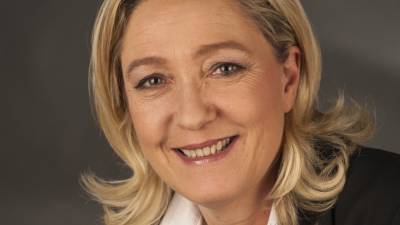 Марин Ле Пен подтвердила намерение участвовать в выборах президента Франции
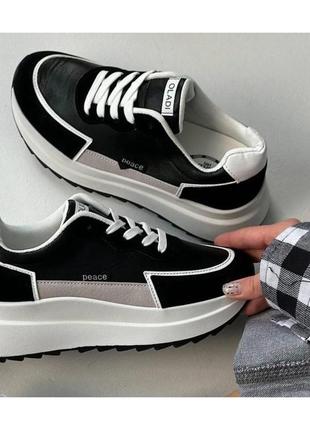 Жіночі чорні кросівки на білій платформі10 фото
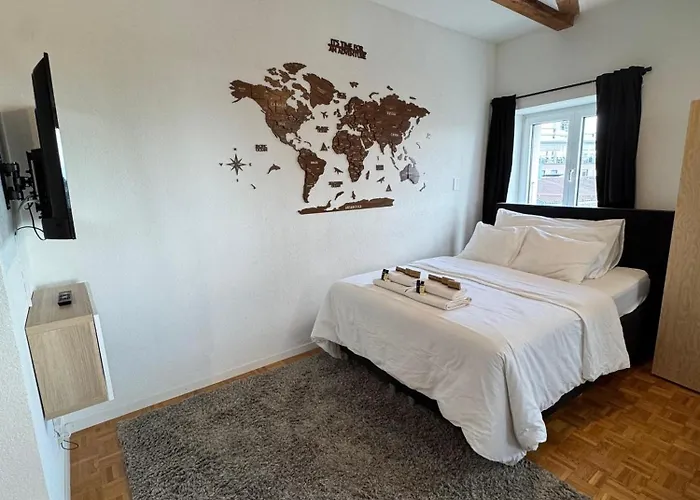 Cosy Attic Flat Center 公寓 *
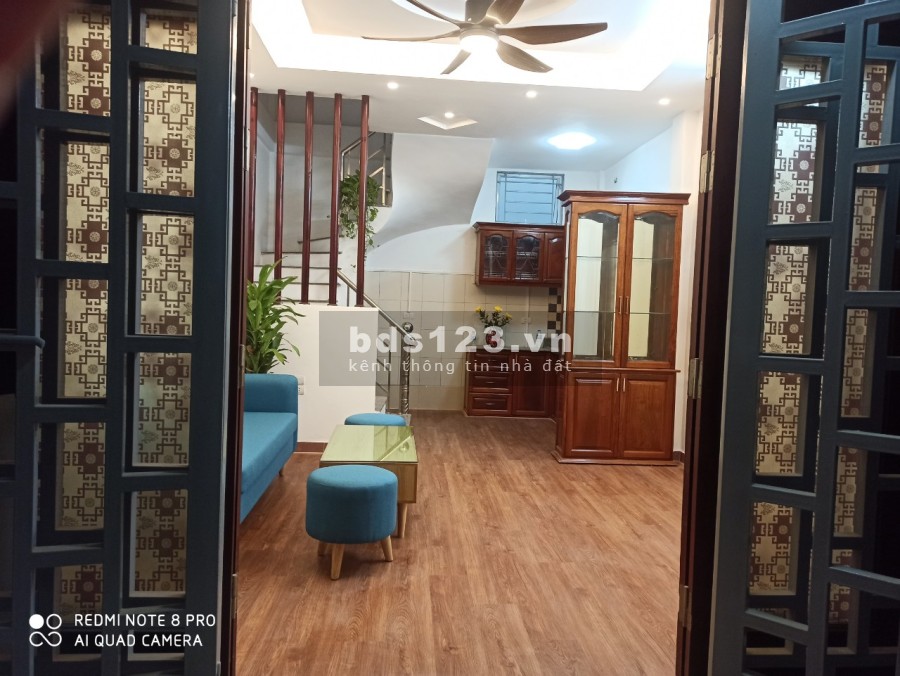 Bán nhà Định Công 5 tầng đẹp, ở luôn 2 thoáng diện tích sử dụng 25m2 giá bán chỉ 2.87 tỷ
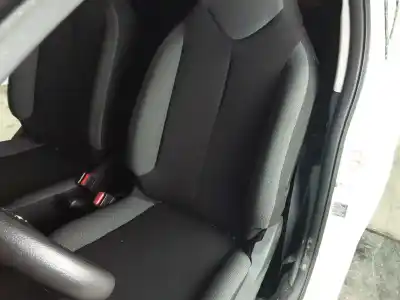 Vehicul casat peugeot 108 active al anului 2014 alimentat 1kr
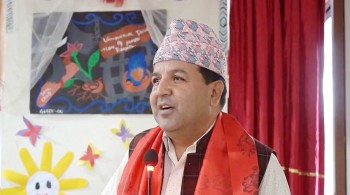 पक्राउ परे कांग्रेस सांसद सुनील शर्मा
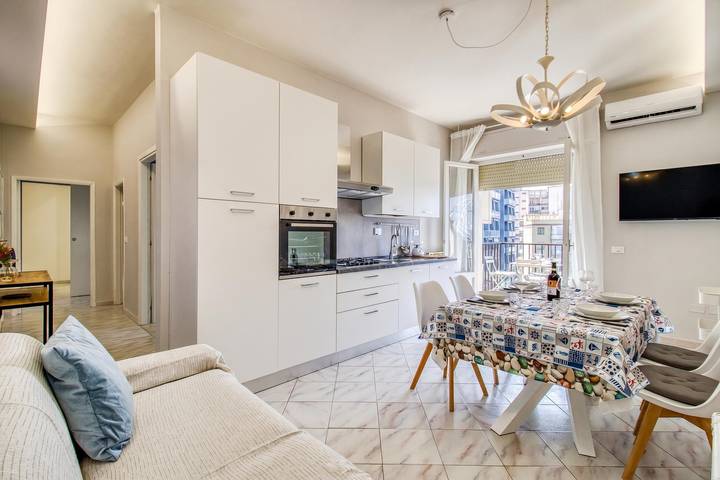 Appartamento intero, Bedo House - Beachfront Sea View Apartment in Follonica in Spiaggia di Follonica (Scarlino), Follonica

### Exercise aim
Reproduce every entry word for word, but skip any pictures.

### Response to this task
 Марин Ле Пен подтвердила намерение участвовать в выборах президента Франции
 Жіночі чорні кросівки на білій платформі10 фото
 Cosy Attic Flat Center 公寓 *
 Bán nhà Định Công 5 tầng đẹp, ở luôn 2 thoáng diện tích sử dụng 25m2 giá bán chỉ 2.87 tỷ
 Vehicul casat peugeot 108 active al anului 2014 alimentat 1kr
 पक्राउ परे कांग्रेस सांसद सुनील शर्मा
 Appartamento intero, Bedo House - Beachfront Sea View Apartment in Follonica in Spiaggia di Follonica (Scarlino), Follonica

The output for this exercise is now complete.